▸ **Task to complete**:
Look through the data below and extract, unchanged, the lines from the one that contains "Fototapeta premium Hygiene" to the one that contains "Suspension Béton Vasa", both included.

▸ **Material for this task**:

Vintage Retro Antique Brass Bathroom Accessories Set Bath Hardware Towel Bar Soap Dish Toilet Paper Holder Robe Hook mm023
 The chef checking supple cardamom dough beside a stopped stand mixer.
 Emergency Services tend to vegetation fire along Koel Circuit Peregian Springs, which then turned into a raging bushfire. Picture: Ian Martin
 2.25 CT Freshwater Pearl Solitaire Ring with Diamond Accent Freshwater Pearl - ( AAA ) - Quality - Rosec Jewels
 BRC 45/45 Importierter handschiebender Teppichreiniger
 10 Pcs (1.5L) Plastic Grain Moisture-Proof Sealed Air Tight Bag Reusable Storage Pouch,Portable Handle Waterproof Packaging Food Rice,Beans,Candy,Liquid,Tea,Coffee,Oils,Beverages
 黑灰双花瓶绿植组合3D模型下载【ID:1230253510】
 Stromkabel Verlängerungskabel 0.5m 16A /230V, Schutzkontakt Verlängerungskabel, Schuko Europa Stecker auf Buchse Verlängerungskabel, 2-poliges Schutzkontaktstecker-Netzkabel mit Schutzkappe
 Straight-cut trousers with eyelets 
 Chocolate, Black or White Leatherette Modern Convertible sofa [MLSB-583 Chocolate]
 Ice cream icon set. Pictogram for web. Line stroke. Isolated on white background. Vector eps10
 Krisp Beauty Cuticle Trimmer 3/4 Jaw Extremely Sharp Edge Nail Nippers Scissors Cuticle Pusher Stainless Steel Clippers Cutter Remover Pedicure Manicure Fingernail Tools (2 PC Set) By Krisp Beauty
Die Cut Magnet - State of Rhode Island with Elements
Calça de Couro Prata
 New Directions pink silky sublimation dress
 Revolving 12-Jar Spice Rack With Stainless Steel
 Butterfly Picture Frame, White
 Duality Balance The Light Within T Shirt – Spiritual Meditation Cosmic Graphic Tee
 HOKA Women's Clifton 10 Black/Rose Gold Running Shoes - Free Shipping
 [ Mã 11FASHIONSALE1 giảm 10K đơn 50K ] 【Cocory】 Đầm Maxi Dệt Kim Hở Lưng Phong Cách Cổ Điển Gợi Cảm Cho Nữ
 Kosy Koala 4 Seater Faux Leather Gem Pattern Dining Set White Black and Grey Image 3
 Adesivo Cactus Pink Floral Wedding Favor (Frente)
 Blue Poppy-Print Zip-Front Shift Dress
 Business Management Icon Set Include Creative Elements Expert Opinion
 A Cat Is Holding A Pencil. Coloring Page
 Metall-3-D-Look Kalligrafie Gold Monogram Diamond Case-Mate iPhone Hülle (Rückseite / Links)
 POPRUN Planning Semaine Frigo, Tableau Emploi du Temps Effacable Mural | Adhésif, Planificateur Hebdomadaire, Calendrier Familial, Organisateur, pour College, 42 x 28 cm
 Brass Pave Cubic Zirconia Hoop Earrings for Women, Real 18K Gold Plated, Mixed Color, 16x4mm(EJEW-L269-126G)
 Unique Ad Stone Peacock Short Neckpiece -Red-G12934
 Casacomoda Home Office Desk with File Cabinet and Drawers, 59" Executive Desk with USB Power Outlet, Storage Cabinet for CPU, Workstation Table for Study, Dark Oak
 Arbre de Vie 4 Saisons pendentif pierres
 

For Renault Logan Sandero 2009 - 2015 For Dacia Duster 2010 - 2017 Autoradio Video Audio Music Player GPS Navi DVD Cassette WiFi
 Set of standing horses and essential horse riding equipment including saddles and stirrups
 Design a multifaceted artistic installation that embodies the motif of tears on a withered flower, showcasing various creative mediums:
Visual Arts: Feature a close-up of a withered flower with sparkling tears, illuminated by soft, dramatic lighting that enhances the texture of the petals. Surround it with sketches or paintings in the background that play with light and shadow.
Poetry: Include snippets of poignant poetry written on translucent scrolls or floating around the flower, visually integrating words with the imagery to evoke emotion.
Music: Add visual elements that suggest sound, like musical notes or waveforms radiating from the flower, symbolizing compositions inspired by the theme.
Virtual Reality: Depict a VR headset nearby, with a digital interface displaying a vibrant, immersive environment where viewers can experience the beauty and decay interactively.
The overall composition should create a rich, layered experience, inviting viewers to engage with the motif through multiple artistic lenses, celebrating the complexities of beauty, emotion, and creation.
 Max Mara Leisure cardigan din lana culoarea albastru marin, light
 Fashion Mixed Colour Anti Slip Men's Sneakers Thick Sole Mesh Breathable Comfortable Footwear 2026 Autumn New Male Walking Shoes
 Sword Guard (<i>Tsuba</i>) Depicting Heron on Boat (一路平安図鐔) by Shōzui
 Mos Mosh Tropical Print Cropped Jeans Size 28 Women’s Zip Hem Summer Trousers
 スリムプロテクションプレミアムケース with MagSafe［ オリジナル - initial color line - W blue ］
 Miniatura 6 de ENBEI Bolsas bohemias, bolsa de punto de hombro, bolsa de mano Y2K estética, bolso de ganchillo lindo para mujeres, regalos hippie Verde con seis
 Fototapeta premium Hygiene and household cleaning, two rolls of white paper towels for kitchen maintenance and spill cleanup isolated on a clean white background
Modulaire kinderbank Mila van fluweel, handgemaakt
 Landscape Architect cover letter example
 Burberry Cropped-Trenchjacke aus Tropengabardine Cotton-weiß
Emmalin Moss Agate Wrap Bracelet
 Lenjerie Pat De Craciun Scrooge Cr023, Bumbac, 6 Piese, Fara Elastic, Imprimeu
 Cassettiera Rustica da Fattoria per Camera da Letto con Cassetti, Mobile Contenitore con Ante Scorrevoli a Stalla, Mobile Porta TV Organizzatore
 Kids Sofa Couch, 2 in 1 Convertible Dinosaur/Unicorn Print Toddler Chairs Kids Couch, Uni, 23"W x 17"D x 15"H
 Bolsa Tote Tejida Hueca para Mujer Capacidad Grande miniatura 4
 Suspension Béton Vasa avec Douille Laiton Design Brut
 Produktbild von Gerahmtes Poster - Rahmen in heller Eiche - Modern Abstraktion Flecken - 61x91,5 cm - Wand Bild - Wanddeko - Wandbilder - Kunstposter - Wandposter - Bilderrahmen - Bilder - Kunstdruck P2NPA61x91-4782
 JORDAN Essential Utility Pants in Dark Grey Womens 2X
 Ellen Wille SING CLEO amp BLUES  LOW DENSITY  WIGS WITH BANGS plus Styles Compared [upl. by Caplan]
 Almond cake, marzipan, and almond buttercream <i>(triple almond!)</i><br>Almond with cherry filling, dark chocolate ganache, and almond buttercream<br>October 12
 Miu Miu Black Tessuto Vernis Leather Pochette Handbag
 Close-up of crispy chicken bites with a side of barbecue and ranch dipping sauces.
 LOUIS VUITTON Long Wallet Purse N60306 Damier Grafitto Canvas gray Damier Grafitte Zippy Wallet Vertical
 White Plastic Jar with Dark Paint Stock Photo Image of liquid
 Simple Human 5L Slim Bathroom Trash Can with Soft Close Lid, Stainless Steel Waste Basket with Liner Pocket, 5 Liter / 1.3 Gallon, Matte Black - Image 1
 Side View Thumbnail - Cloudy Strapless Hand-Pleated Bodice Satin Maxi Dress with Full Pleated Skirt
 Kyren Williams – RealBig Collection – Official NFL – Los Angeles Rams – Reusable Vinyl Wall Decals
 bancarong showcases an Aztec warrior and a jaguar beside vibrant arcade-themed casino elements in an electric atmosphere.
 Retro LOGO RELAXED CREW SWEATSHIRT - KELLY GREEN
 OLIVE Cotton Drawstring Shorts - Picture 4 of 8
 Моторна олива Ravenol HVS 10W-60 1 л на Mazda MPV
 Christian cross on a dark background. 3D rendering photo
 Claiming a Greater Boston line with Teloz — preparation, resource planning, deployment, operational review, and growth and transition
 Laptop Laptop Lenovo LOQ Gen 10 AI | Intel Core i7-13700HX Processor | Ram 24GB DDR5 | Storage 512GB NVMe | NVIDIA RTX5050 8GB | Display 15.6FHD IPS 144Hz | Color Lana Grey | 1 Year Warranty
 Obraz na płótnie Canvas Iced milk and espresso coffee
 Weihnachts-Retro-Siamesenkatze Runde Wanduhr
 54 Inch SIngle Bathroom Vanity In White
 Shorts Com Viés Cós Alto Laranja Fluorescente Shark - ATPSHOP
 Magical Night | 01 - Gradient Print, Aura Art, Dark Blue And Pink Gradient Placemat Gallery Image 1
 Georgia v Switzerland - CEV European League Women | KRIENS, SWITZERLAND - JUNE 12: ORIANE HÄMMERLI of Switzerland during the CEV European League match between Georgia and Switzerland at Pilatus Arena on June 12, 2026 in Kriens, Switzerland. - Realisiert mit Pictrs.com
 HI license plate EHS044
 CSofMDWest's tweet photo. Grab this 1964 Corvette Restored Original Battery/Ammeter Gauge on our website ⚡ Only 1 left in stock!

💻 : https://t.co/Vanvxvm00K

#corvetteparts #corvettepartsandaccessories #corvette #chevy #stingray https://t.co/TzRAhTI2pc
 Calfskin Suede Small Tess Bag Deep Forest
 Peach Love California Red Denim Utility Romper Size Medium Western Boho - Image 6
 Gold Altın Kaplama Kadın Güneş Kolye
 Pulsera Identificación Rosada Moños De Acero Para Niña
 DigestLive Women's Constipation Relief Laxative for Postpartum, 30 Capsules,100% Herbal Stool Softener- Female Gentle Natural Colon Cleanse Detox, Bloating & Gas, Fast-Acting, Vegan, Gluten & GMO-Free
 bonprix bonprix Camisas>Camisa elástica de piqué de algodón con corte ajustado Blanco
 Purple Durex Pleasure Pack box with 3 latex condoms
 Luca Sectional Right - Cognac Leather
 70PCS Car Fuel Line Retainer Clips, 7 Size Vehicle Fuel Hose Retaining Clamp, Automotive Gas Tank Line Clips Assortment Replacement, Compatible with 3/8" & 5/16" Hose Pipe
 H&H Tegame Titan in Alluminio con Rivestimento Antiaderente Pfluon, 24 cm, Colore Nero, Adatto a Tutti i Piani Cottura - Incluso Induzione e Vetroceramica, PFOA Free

▸ **Answer for the task**:
 Fototapeta premium Hygiene and household cleaning, two rolls of white paper towels for kitchen maintenance and spill cleanup isolated on a clean white background
Modulaire kinderbank Mila van fluweel, handgemaakt
 Landscape Architect cover letter example
 Burberry Cropped-Trenchjacke aus Tropengabardine Cotton-weiß
Emmalin Moss Agate Wrap Bracelet
 Lenjerie Pat De Craciun Scrooge Cr023, Bumbac, 6 Piese, Fara Elastic, Imprimeu
 Cassettiera Rustica da Fattoria per Camera da Letto con Cassetti, Mobile Contenitore con Ante Scorrevoli a Stalla, Mobile Porta TV Organizzatore
 Kids Sofa Couch, 2 in 1 Convertible Dinosaur/Unicorn Print Toddler Chairs Kids Couch, Uni, 23"W x 17"D x 15"H
 Bolsa Tote Tejida Hueca para Mujer Capacidad Grande miniatura 4
 Suspension Béton Vasa avec Douille Laiton Design Brut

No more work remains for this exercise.